Wednesday, March 16, 2011

Line by Line



Cost: $0
Preparation Time: None

Here's a last-minute date idea perfect for those with a creative bent.  Grab a computer, ipad, or a sheet of paper and some pens.  You and your date will write a short story, taking turns writing sentences.  Decide on either a time limit or a page length so that you can get a feel for the pacing and when you'll need to be wrapping things up.

From there it's pretty simple.

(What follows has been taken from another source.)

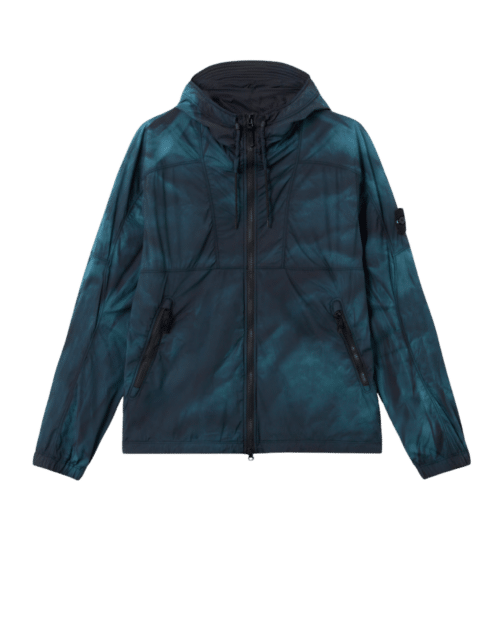 Blouson Capuche Nylon Noir Bleu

For example, let's say your date starts with the classic opener, "It was a dark and stormy night."  You wanting to take things on a slightly more wild ride, add, "The iguanas found themselves so depressed by the lugubrious evening that they found themselves plotting the murder of their freckle-faced owner, Harry B. Tottentrott." Or something like that.  Probably something much better than that, actually. Then your date will write a line, and so on.

It's best to work cooperatively rather than trying to force the story in the direction you originally saw it going.  Remember, you're creating something together, not having a competition to see who can metaphorically out-muscle your date.  If they want a gunfight, let them have it.  If you want twelve dozen orange carnations, well, work it in somehow, but don't get all selfish about what YOU want to happen.  One of the great things about this date, besides its frugality and last-minuteness, is the way that it really lets you into the inner workings of your date's mind.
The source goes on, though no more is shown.